Warga menilai perusahaan mengabaikan mandat tersebut sehingga kini menuntut hak mereka dipulihkan.
Satgas PKH Pernah Eksekusi 25.535 Ha, Tapi Perusahaan Tetap Beroperasi
Catatan Itime.id menunjukkan bahwa pada 17 Juni 2025, Satgas Penertiban Kawasan Hutan (PKH) telah mengeksekusi dan mengambil alih 25.535 hektare lahan PT Barapala sesuai Peraturan Presiden Nomor 5 Tahun 2025 tentang Penertiban Kawasan Hutan.
Satgas bahkan memasang plang resmi larangan aktivitas dalam kawasan tersebut.
Namun di lapangan, PT Barapala masih melakukan panen dan produksi hingga hari ini. Warga menduga perusahaan berani terus beroperasi karena adanya dukungan oknum aparat.
Aparat Tegaskan Netral
Kapolsek Barumun Tengah, AKP PS Nainggolan, menegaskan bahwa aparatur keamanan hadir bukan untuk membela perusahaan.
“Kami tidak berpihak. Polisi hadir untuk menjaga situasi tetap kondusif dan menjembatani aspirasi masyarakat,” jelasnya.
Tuntutan Resmi Warga dan Mahasiswa
Massa aksi menyampaikan tiga tuntutan utama:
1. Pemerintah menutup dan menghentikan seluruh aktivitas PT Barapala di wilayah Unterudang.

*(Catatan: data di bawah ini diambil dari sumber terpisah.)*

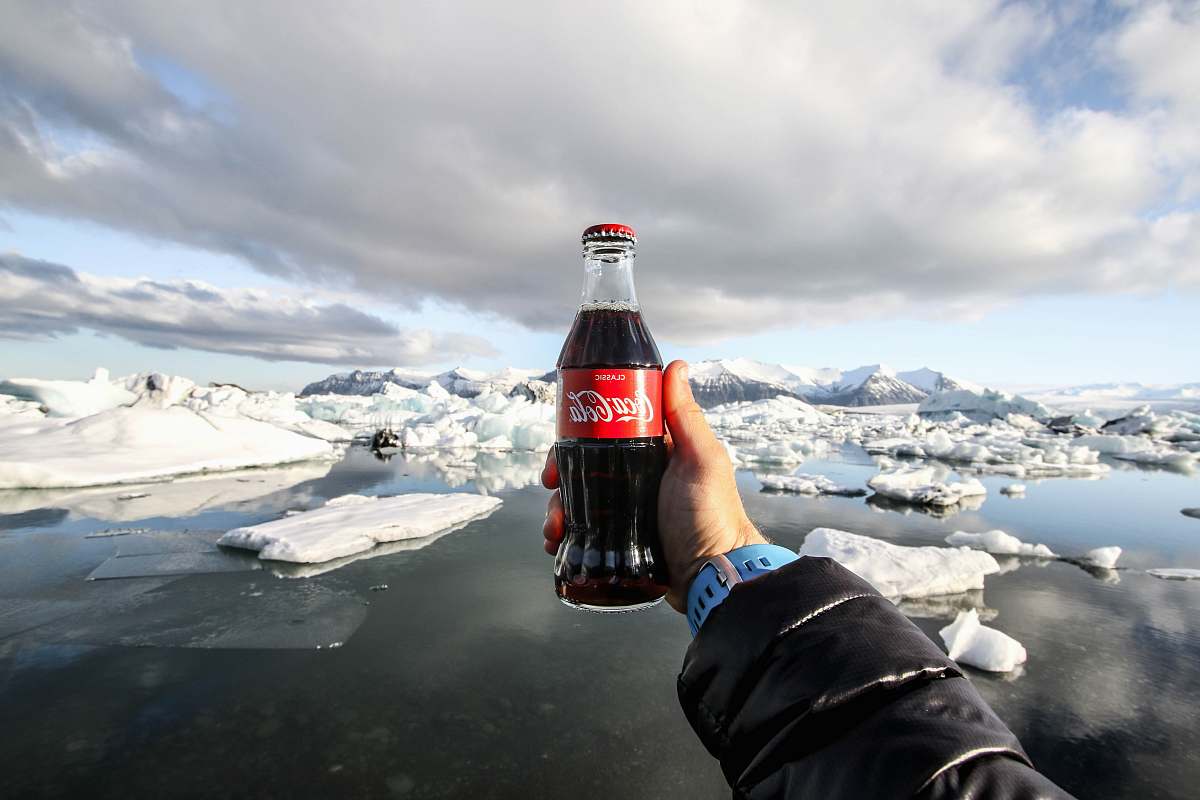 bottle person showing photo of bottle of coke in front of icebergs beverage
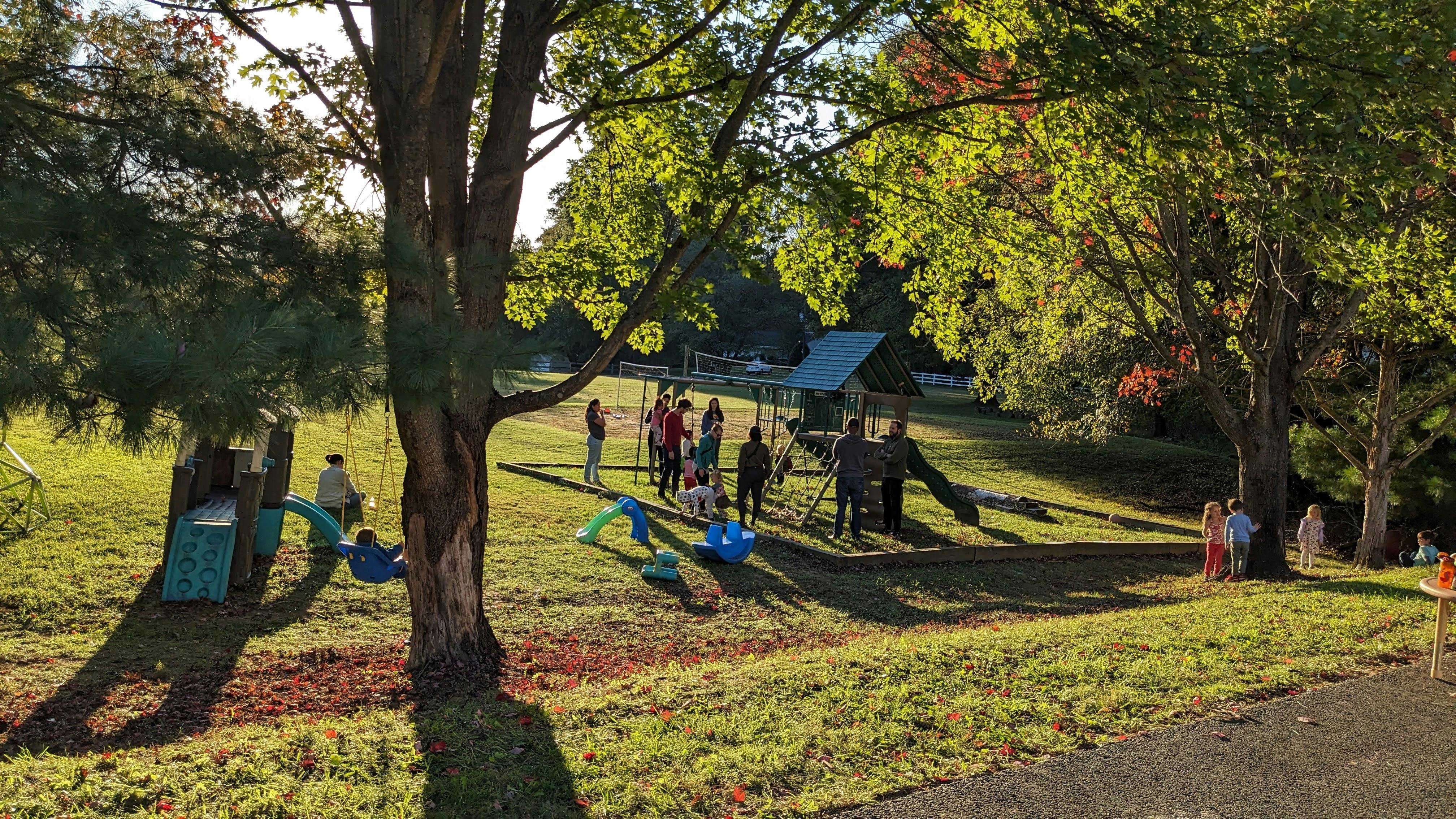People and children gathered around playground equipment under trees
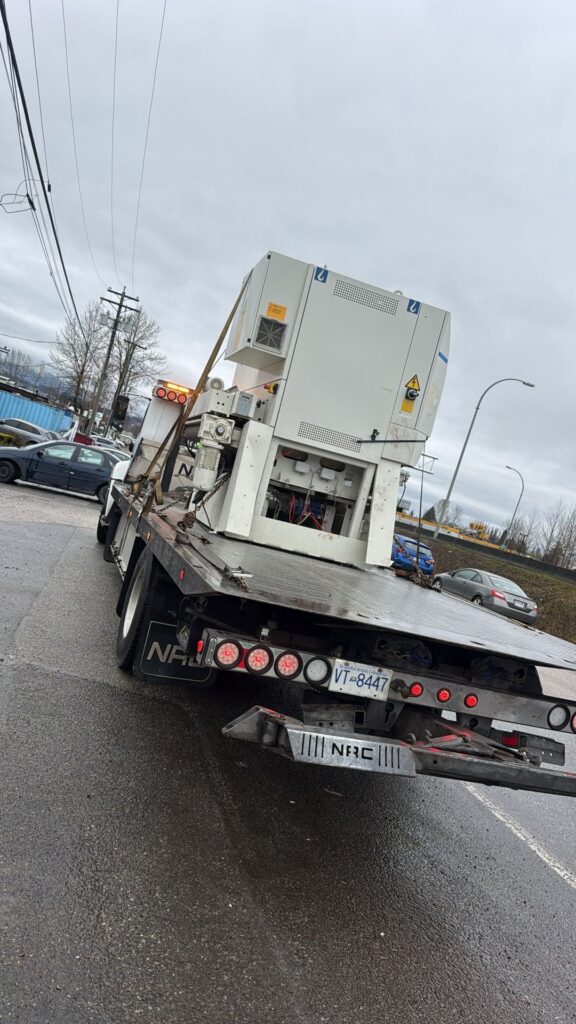 Industrial equipment removal in Langley - factory machine loaded for pickup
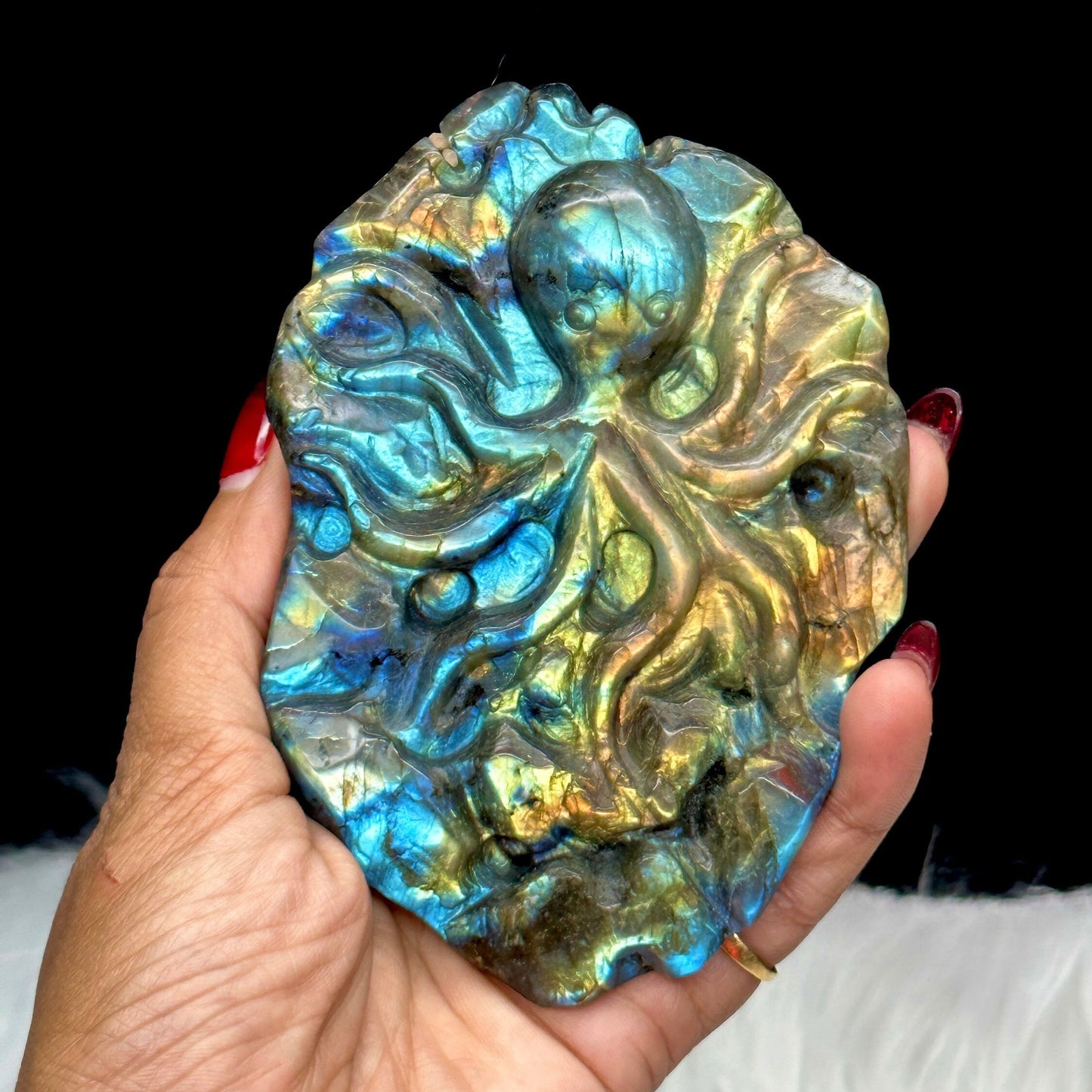 Flashy labradorite hand carved octopus carving with stand.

2. Transparansi legalitas termasuk HGU dan kepemilikan sah perusahaan.
3. Pemulihan hak masyarakat adat dan lahan plasma 3.000 hektare yang dijanjikan sejak 1996.
Aksi lanjutan direncanakan kembali digelar apabila pemerintah tidak merespons tuntutan warga.